Let’s look at some of the most popular supplements used when individuals are going through an opiate detox, and how they can assist during this challenging process.
This vitamin is known for helping to relieve anxiety and stress in everyone, but especially helps in calming the nerves of those going through opiate withdrawal. Since opiate withdrawal can cause a lot of excitement within the nervous system, B-complex can assist in bringing balance to the nervous system and overall calming the body. It’s recommended to take 100 mg at a time in order to feel an effect, and make sure that the vitamin is pure and high-quality.
When going through a detox, it’s very common for opiate users to participate in uncontrollable picking of the skin and infected abscesses that are caused by opiate injections. In order to repair the damaged skin, many take Vitamin E. It works as an antioxidant that minimizes the damage caused by free radicals and anxiety and restores damaged blood cells. Most medical professionals will recommend that one takes anywhere from 100 to 400 International Units every day.

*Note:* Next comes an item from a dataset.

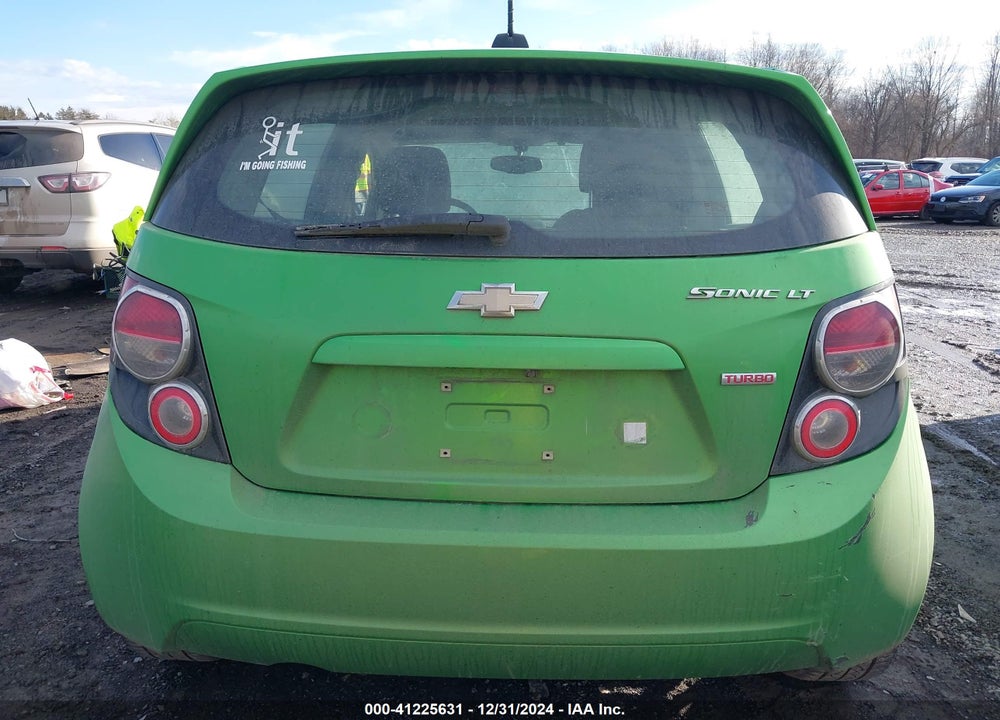 2015 CHEVROLET SONIC VIN: 1G1JC6SB3F4133486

Passion Flower has less medical evidence than other supplements in terms of its effectiveness for opiate withdrawal, but many will swear by its effectiveness. One particular study conducted by the Journal of Clinical Pharmacy and Therapeutics demonstrated that it can assist with unstable medical symptoms associated with withdrawal. It’s also known for helping with insomnia, severe stomach aches, nervousness and anxiety, pain relief, and high blood pressure, which are all common symptoms that those with an opiate use disorder face when going through a detox.
While it’s less common in Western culture, Kava is a plant commonly used in the Western Pacific for its calming and painkilling effects. It’s also known to bring more clarity to the mind and increase brain function. Its also known for improving one’s mood and level of depression, but it can also cause liver issues, so it shouldn’t be used for a long period of time.
Calcium and Magnesium
Since a major symptom of withdrawal is severe anxiety, it’s common to use magnesium and calcium which help relax the central nervous system. It’s also known to help with cramps and twitches and help with other muscular issues that are caused by withdrawal. Although you can take pills for calcium and magnesium, you can also find it in common foods such as leafy vegetables, grains, and dairy products. If you are going to take a supplement, it is recommended to take 2,000 mg of calcium and 1,000 mg of magnesium a day.
A Change In Diet
It’s true that a change in diet is different from taking various supplements, but eating the right foods can have a tremendous impact on decreasing negative symptoms and ending an addiction once and for all. When going through opiate withdrawal, the University of Maryland Medical Center specifically recommends that you specifically increase your consumption of low-saturated fat, complex carbohydrates, and fiber. Foods that have these components are known to decrease the liver’s load. Since the feeling of craving an opiate is similar to the feeling of hunger, instead of seeking the drug, seek food instead—this can help with your recovery in the long-run. Specific foods such as broccoli, kale, fish, and artichokes are known to fill that craving.
If you’re living with an opiate use disorder and are looking to quit once and for all, consider taking these supplements in addition to a medically supervised detox program. It’s important to note that they should not be taken independent of other treatments, and you should always consult with your doctor before beginning the process.